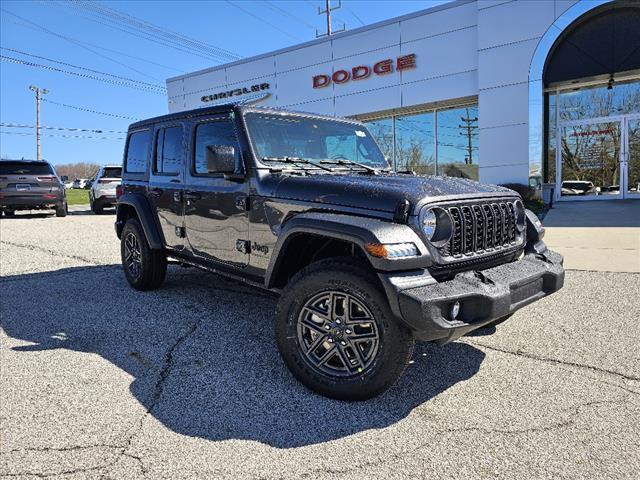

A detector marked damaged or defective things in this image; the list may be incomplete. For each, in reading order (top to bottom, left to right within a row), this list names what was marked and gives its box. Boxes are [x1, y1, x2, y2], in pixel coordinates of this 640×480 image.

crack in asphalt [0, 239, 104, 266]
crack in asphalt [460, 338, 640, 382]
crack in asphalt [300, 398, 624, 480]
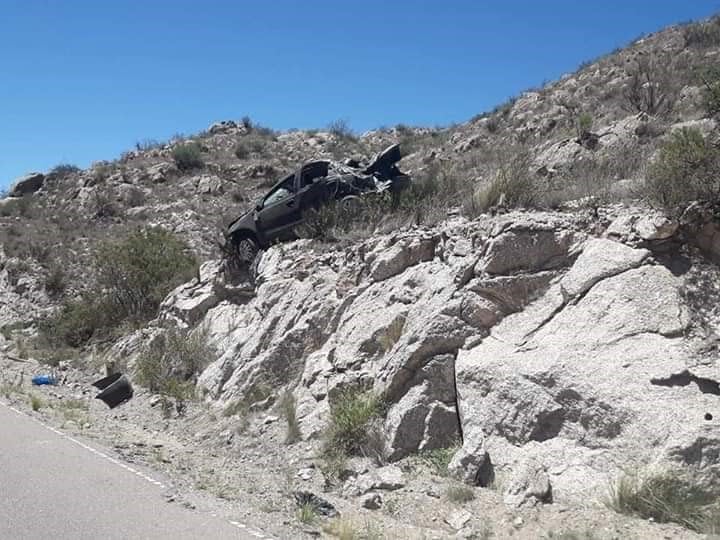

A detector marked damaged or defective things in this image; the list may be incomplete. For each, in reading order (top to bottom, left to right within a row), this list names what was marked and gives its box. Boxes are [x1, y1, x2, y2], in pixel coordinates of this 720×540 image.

Requirement>
Copy the listing exactly but drop its images.

Answer>
A detector marked damaged or defective things in this image; the list may be incomplete. For each, in reading order (top to bottom, left to right within a row), this list names what was marked and gives its box. Boxes are [x1, y1, x2, y2], in pixel coordinates of this 640×480 image.

crack in asphalt [0, 239, 104, 266]
crack in asphalt [460, 338, 640, 382]
crack in asphalt [300, 398, 624, 480]

A detector marked damaged or defective things in this image; the list may be incomplete. For each, in reading order (top to bottom, left to right within a row), this list names what was marked and gives its box. Boxes are [x1, y1, x2, y2], in pixel coordinates of this 720×540 image.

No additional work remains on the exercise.